Second, Rock locates Paul primarily within the sphere of Roman imperial political rhetoric (rather than within Israelite/Hebrew biblical tradition), a move reminiscent of Elliott's essay, mentioned above. In fact, Rock asks,
Could Paul's references to the kingship of David, the universal covenant with Abraham, the cosmic character of the Law of Moses, the historicity of the people and Israel as the true people of God, his articulation of the messiahship of Jesus the Son of God and Lord, have all stemmed from a subcultural reading the Aenid? (78; my emphasis)
In general, we biblical scholars don't usually ask questions that can be satisfactorily answered, "yes" or "no." But this one is easy: No. The emphatically Jewish topoi Rock names certainly and without doubt did not "stem from" Paul's reading of the Aenid or any other Roman literature. Are we really to imagine Paul developing the ideas we find in his letters about "the kingship of David, . . ." in response to the imperial claims coming out of Rome? What, then, did Paul think before he encountered these claims (or rather, before he needed to formulate responses to them)?
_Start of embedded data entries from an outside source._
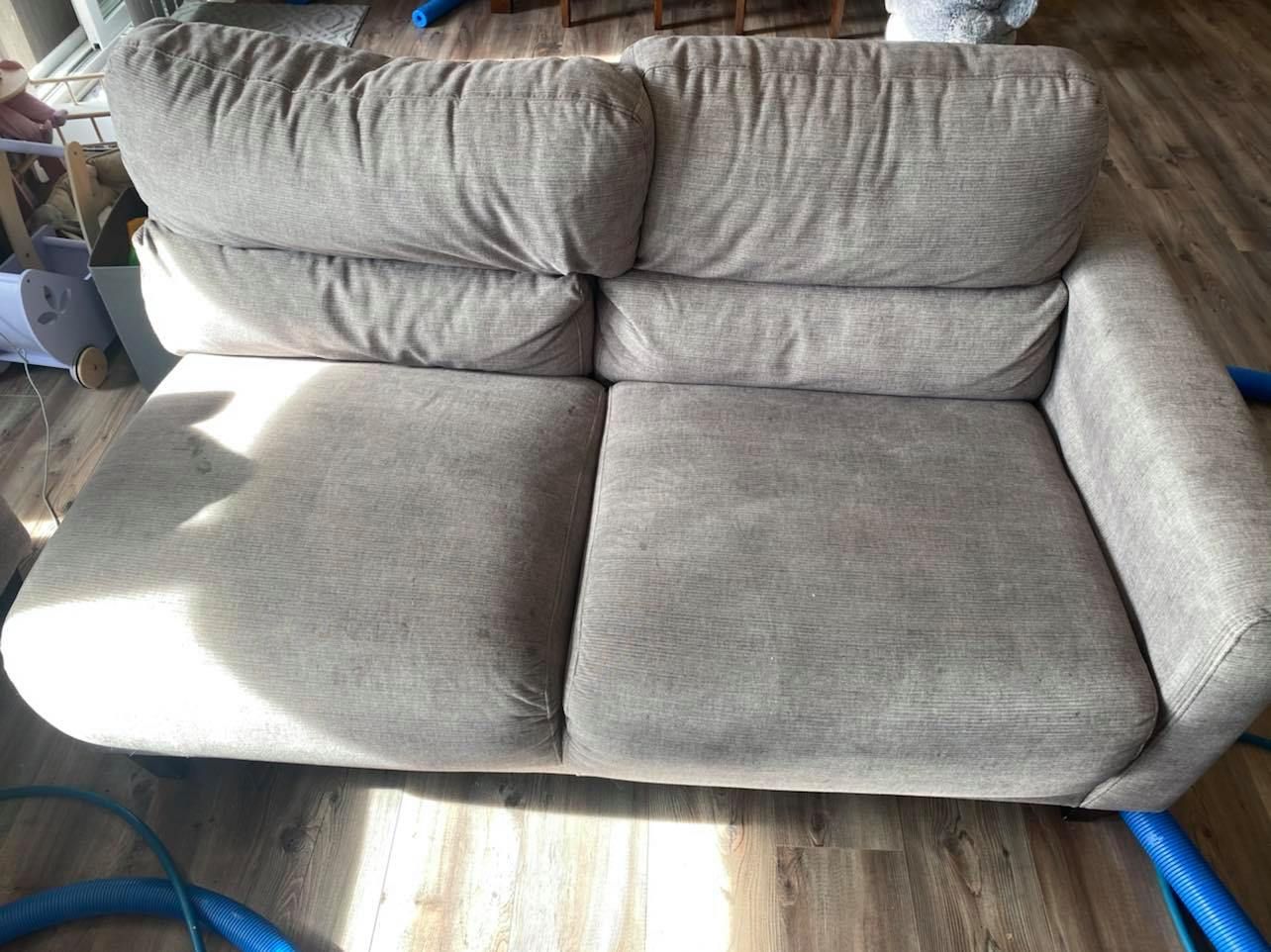 best furniture cleaning edmonton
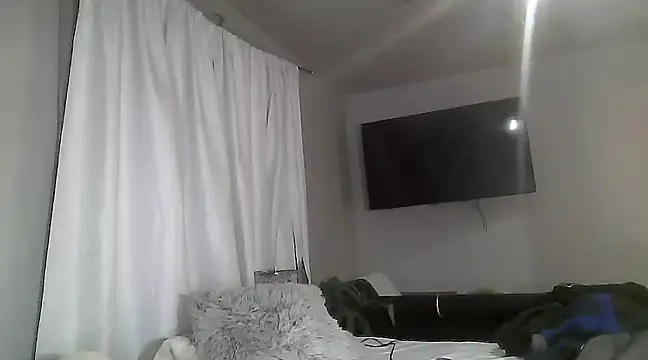 Snapshot of paiday chatting on 12/07/24, 08:33 paiday online show from 12/07/24, 08:33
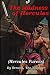 The Madness of Hercules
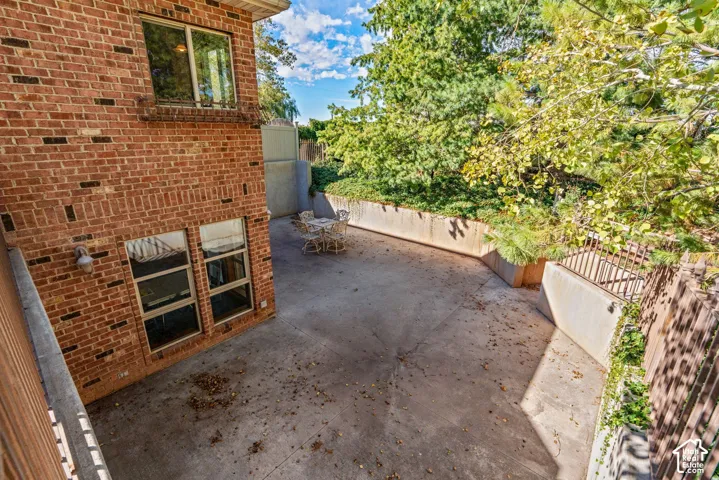 46 N 200 W, Kanosh, Utah 84637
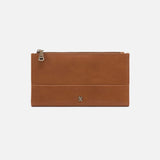Hobo JILL LARGE BIFOLD WALLET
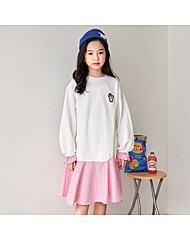 첼루아 원피스_26773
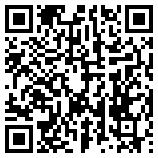 QR Code for Clinton Moving & Packaging in Clinton, NY 13323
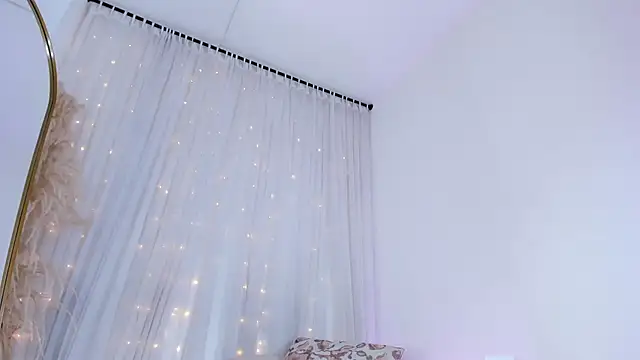 kyany  online show from December 18, 2025, 11:27 am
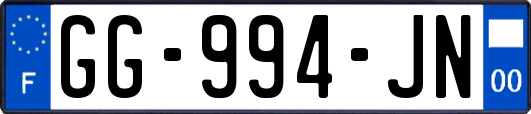 GG-994-JN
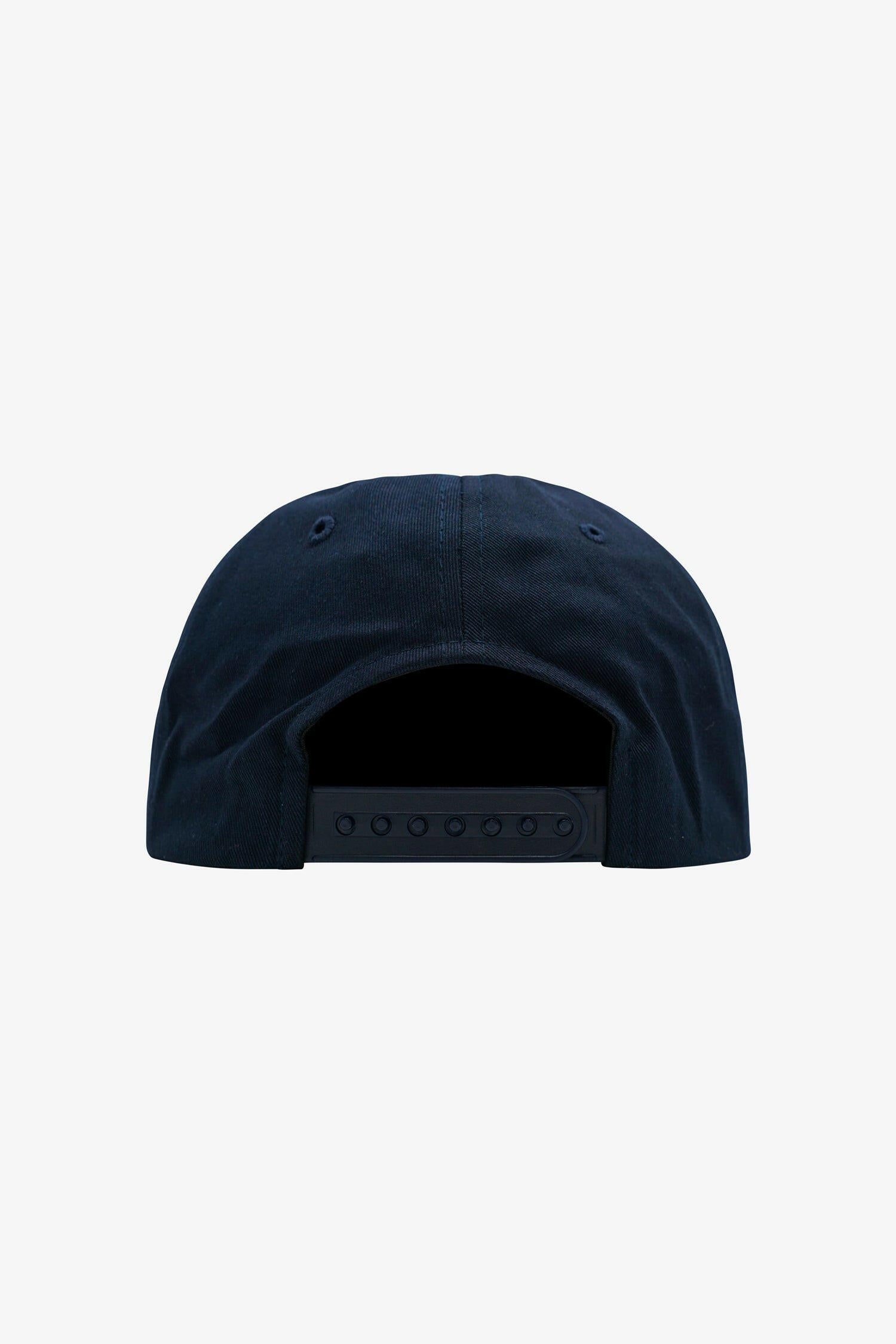 Selectshop FRAME - RASSVET Today Cap Headwear Dubai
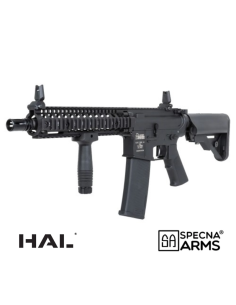 Fusil Daniel Defense SA-C19 CORE GEN.2 | Airsoft Yecla 2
It may well be that Rock didn't mean to ask whether Paul's Jewish ideas "stemmed from" his encounter with Roman propaganda. Perhaps he's merely after how Paul employed Jewish theological resources to answer things that were being advocated about Caesar, for example in the Aenid. But this isn't what he said. And NT scholarship needs to carefully explore the way NT texts employ Jewish theologoumena to counter Roman political and theological ideology without obscuring the fact that, among the NT authors, Jewish ideas and concepts precede Roman ideas. Our authors were Jews navigating Jewish identity in Roman contexts, not Romans engaging Jewish ideas.
2 comments:
interesting blog. I'd like to read it again when I am a little more awake.
Thanks, yeti. I'll be interested to know what you think.